4.1 Process on input:
Before the processing of the text onto the database, there are various possible Unicode routines, which are applicable for faithful handling of the Unicode text. Those processes, can/should be applied onto the text beforehand. Now the ambiguity of the "can/should" is expressed at this point as whether to apply those conversion routines, or at what stage to apply them is totally dependent on the business logic, the control of which rightfully lies with the software developer. Typically these processes involve
Conversion/Non-conversion from Unicode to Punycode
- If the string is going to get stored in the database column that is not Unicode enabled (for code legacy reasons, otherwise it is definitely recommended to fully Unicode compliant database structure) then the developer might want to convert the Unicode string to punycode. However, if there are a set of operations expected by the developer on the stored domain names, e.g. some sort of searching and sorting, it is desired that the Unicode form of the domain name be preserved.

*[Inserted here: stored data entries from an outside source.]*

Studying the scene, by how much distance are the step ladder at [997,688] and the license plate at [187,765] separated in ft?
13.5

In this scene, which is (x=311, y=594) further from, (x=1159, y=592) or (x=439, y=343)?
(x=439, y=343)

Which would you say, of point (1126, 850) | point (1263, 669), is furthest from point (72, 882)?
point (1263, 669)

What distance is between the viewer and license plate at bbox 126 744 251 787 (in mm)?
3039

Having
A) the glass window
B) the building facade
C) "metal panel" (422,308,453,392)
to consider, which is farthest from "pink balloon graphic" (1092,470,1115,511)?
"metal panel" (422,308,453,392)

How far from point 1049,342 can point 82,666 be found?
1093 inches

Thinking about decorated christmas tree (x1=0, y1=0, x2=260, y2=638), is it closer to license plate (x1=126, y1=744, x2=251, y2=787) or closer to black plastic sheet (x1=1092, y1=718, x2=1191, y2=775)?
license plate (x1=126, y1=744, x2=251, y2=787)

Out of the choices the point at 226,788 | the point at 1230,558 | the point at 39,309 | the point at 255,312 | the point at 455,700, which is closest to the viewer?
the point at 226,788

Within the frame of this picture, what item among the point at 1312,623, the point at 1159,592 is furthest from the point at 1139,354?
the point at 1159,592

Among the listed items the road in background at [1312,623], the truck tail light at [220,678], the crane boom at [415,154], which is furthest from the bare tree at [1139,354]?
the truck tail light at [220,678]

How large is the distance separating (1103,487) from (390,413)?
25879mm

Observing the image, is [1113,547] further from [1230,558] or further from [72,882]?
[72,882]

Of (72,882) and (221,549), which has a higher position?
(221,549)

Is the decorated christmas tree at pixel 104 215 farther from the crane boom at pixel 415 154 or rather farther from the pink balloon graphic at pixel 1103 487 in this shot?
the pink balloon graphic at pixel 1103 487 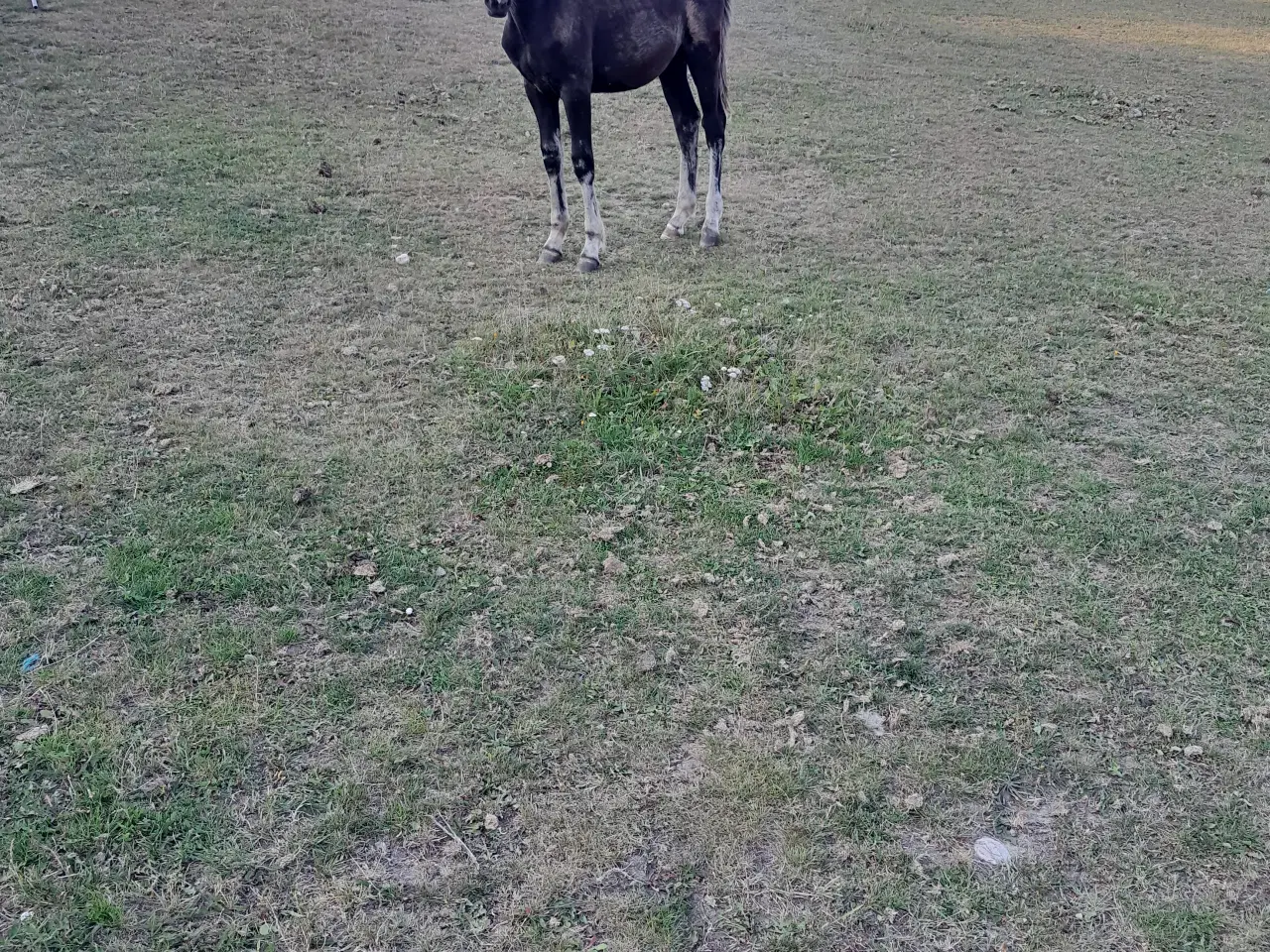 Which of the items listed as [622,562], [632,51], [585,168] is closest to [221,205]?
[585,168]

Conversion as per the Unicode Normalization
- Typically, as per the IDNA protocol, the domain name has to be in a "Normalized" form. This helps prevent the dual representation of the same label. A developer, as per the business logic can take appropriate call if this conversion is needed at this stage.
4.2 Process on output:
This operation on the text often follows after the text is retrieved from the database and is on it's way to subsequent processing for further journey into the user-interface. All the conversions/processes applied on the "Process on input" can either be maintained or reversed or newly applied onto the text, depending on the requirement and business logic.
5. Display:
Finally, after the text is retrieved from the back-end of the system, it should be able to be rendered back into it's Unicode form as understandable by the native user of the script/language.
The software-systems which can comply with all the above 5 major operations while dealing with the IDNs and Internationalized Email Addresses, can be considered to be truly compliant with the notion of the "Universal Acceptance".

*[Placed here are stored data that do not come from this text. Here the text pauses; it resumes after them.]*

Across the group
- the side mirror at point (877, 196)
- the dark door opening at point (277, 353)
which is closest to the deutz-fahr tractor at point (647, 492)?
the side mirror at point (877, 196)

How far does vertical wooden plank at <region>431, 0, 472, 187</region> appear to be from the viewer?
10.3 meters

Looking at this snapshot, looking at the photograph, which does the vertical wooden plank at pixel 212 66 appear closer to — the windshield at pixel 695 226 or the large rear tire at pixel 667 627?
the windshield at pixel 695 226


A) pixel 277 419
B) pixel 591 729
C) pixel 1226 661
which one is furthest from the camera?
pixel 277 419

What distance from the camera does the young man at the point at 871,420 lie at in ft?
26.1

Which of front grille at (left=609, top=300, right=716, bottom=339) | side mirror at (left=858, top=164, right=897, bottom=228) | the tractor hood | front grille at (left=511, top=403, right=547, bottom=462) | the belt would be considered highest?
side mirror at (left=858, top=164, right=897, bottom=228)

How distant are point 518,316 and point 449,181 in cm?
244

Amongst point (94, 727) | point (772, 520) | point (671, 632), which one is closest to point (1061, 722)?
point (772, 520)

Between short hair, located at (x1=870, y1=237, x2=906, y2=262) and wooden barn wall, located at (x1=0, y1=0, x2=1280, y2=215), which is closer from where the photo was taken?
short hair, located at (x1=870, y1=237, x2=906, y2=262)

Why is the topic so important at ICANN?
ICANN as a body is entrusted with the responsibility of maintaining and managing the policy in relation to the names and numbers, typically domain names and IP addresses. In addition to this, ICANN has become a global forum for internet policy development discourse. Throughout the discussions at various ICANN meetings, "on-boarding of the next billion" frequently forms the core of the discussions. Given the current linguistic spread and the demographics of the new internet users, catering to the needs of the non-Latin and non-English users becomes vital.
As per the ICANN's Strategic Plan for fiscal years 2021 - 2025, ICANN's strategic goal is;
Foster competition, consumer choice, and innovation in the Internet space by increasing awareness and encouraging readiness for Universal Acceptance, IDN implementation, and IPv6.
This discourse is ably supported by the technical protocol developments on the IDN and Internationalized Email front. Thus, two of the major aspects of this discourse, the technical feasibility of the multilingual identifiers as well as the availability of the affordable internet in otherwise non-connected regions of the world, have been fulfilled. This leaves only the third side, that is enablement of the internet based service' ability to cater to the truly multilingual internet to be fulfilled. It is towards that goal, that ICANN wants the support to rally thereby ensuring the fruits of the internet-based human enrichment reaches the unreached quarters of the human-society.